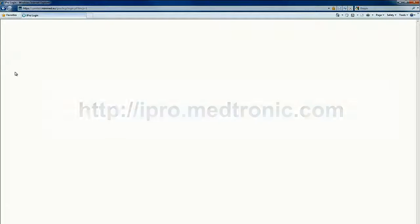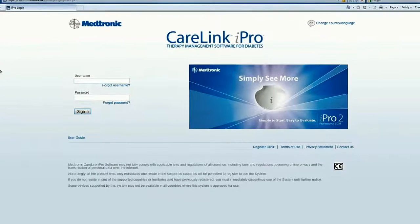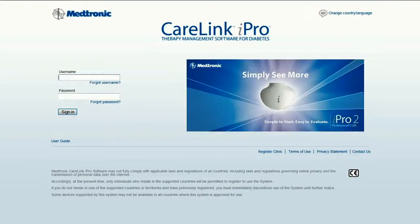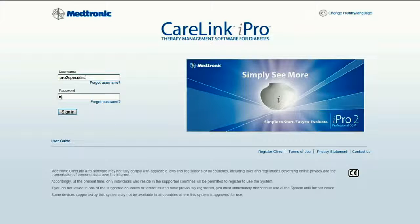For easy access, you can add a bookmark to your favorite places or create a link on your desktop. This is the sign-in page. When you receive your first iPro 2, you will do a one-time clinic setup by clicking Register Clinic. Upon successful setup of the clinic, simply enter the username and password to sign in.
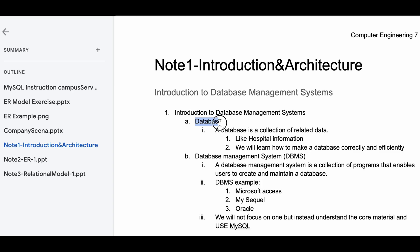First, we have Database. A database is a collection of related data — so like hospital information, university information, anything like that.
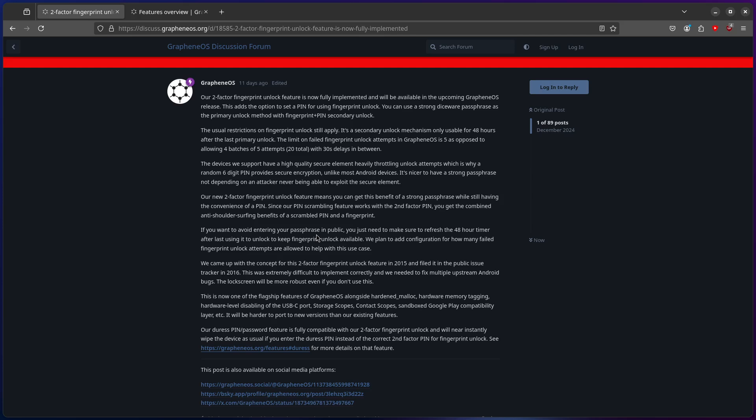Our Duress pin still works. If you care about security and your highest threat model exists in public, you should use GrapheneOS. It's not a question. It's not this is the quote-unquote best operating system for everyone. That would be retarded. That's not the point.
++++++++++++++++++++
What is needed is an exact copy of the lines from the line with "First, we have" to the end of the data above, both included, without any pictures.

First, we have Database. A database is a collection of related data — so like hospital information, university information, anything like that.
Our Duress pin still works. If you care about security and your highest threat model exists in public, you should use GrapheneOS. It's not a question. It's not this is the quote-unquote best operating system for everyone. That would be retarded. That's not the point.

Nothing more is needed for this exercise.